_Assignment_
With pictures left out, output exactly the lines from the line holding "for BMW X1 E84" through the end of the data, both included.

_Given information_
◇ ◇ ◇ ◇
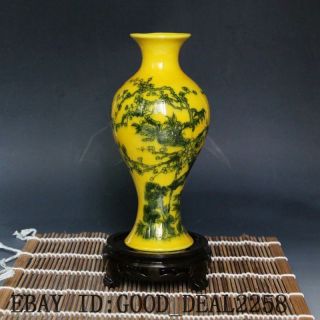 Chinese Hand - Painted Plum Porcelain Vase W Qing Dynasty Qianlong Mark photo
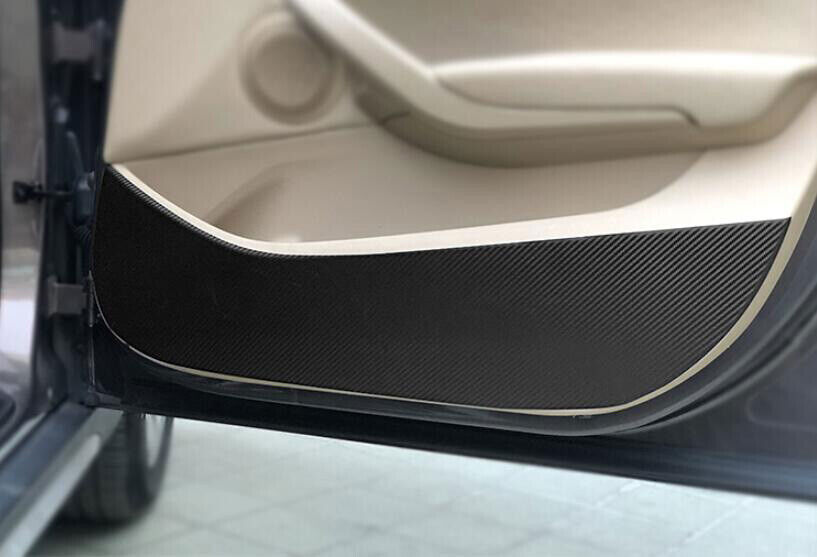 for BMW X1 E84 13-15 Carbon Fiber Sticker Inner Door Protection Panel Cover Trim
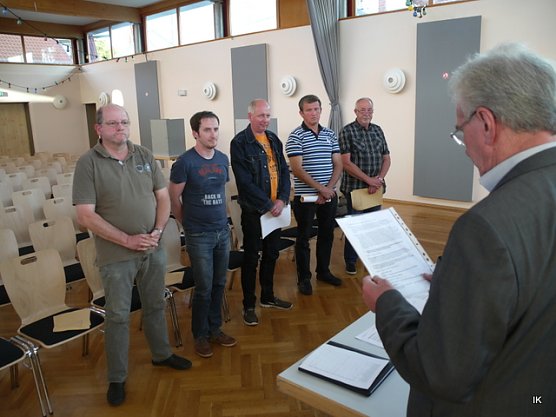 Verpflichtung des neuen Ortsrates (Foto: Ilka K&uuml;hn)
◇ ◇ ◇ ◇
_Your response_
 for BMW X1 E84 13-15 Carbon Fiber Sticker Inner Door Protection Panel Cover Trim
 Verpflichtung des neuen Ortsrates (Foto: Ilka K&uuml;hn)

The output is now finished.